24 Apr Paris Grants the Dalai Lama Honorary Citizenship and the Sparks Fly
Story here and here. On the one hand, it nicely demonstrates of the dangers of local foreign policy. Local pols decide to do some showboating, out of their depth and unlikely to shoulder the consequnces, and next thing you know, you’re looking at World War III.
On the other hand, this may just be a hangover from the old world. It’s only honorary citizenship, after all — what’s the big deal? And it’s local citizenship, not national. The French government has carefully distanced itself from the Paris’ action. Why should China hold France responsible? It’s surely sophisticated enough to understand domestic democratic politics to see that this is hardly a statement of national foreign policy. If China has a problem with the city council policy, why not take it up directly with the mayor?

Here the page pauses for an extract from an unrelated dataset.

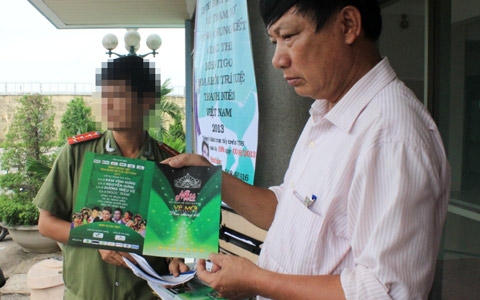 Bắt quả tang Miss ITgo VN bán vé mời in dấu chìm Trung Quốc 3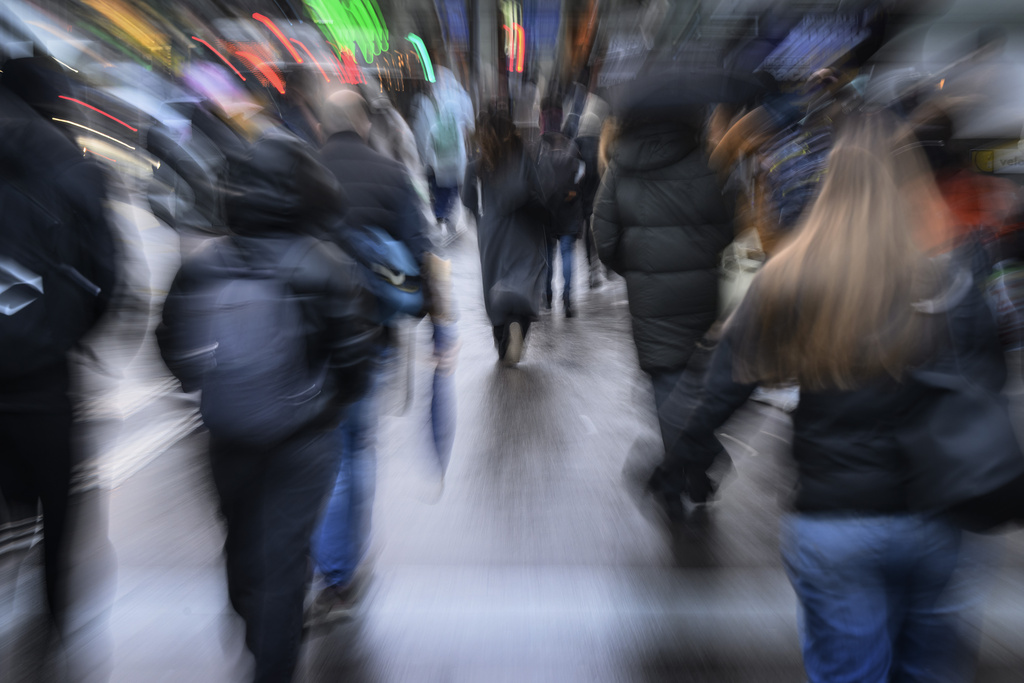 Zvicër  Shoqata e Policëve kundër iniciativës  Jo 10 milionë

In most contexts, dealing with more up-to-date governments than China, there’s no problem with this kind of activity. European cities have extended honorary citizenship to death-row inmates in the United States, including Mumia Abu-Jamal and Joseph O’Dell, and it hasn’t exactly brought down U.S.-European relations or sparked rioting in front of Sofitels. Democracies can take this kind of disaggregated interaction. Perhaps others can’t, at least not yet.
The Dalai Lama is little more the a construct of the bourgeois capitalist dogs like George W. Bush, Richard Gere, and Kobe Bryant. Chinese nationalist ideology represents the pure left, and there need be no conception otherwise. Close all doors, open all minds. Power to the workers!